The letter, which Laugel and her colleagues forwarded to their patients also charged Aetna with restricting referrals to specialists and maintaining highly restrictive standards of "medical necessity " that amounted to denial of services to patients who need them.
To doctors like Laugel, enough is enough. "It's a bad position to be in as a doctor. You're trained for years and years to be the patient's advocate. Now you're put in a position where your only choice is either to go along with a very unethical system, or to abandon your patients."
Laugel sees dire ramifications unless balance is restored to the doctor-HMO relationship. "The whole future of excellence in health care is at stake," she says. "Most physicians I know feel very oppressed, They're not able to do what they've been trained to do, to use their best medical judgment and to be their patients' advocate. I have never heard as many physicians as I've heard in the last five years say that if they had it to do over again, they would never have gone into medicine."

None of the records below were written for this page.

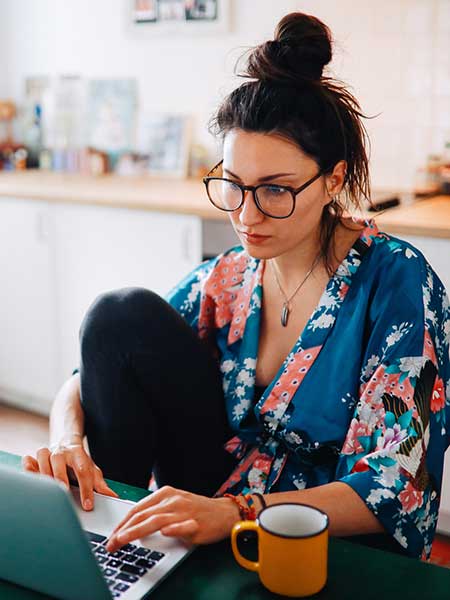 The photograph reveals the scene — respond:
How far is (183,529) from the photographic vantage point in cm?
92

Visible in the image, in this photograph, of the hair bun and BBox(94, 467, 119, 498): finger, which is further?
the hair bun

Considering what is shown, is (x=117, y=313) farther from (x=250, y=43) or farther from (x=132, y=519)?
(x=250, y=43)

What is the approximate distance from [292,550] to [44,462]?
46 centimetres

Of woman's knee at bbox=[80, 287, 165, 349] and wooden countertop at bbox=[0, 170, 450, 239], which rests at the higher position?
wooden countertop at bbox=[0, 170, 450, 239]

"Aetna talks on the one hand of not having as good a relationship with the physician community as they would like [on October 6, in a move to stanch rising member physician discontent, Aetna named widely respected former American Medical Association official John Kelly, M.D. to head its newly created Office of Physician Relations]," says Norbeck. "But if they really want to have that better relationship, their deeds do not match their words."
\drop cap\Aetna has attracted the unwelcome attention of state regulators elsewhere. In Texas, in the wake of Aetna's acquisition of Prudential Healthcare, the state medical association was instrumental in forcing Aetna to divest itself of another HMO subsidiary.
Of the Connecticut probe and the Blumenthal charges, Aetna officials will say only that they consider them "irresponsible."
The subtext of all this, of course, is the breakneck consolidation of the HMO industry in Connecticut. And even though Aetna U.S. Healthcare's market penetration in the Nutmeg State remains modest, it is one of only a handful of giants still standing on the bloodied HMO battlefield. And it's not afraid to flex its muscles.
"In the last ten years there have been 162 health-care mergers [in the U.S.]," explains Norbeck. "In the last five years, the 18 largest insurers have [consolidated] into six. That concentrates an incredible amount of power [in a few companies]. Power corrupts, and absolute power corrupts absolutely."
Many observers consider the Aetna case merely the bellwether of what the future might hold for the doctor-HMO relationship. Certainly if the company is able to enforce the terms of its new contract, other HMOs will sit up and take notice.
"A number of other insurers are lying in wait to see if Aetna gets away with what we consider a real pernicious policy," Norbeck says, "a contract that is so offensive, so unfair and so one-sided that we had to stand up and do something about it."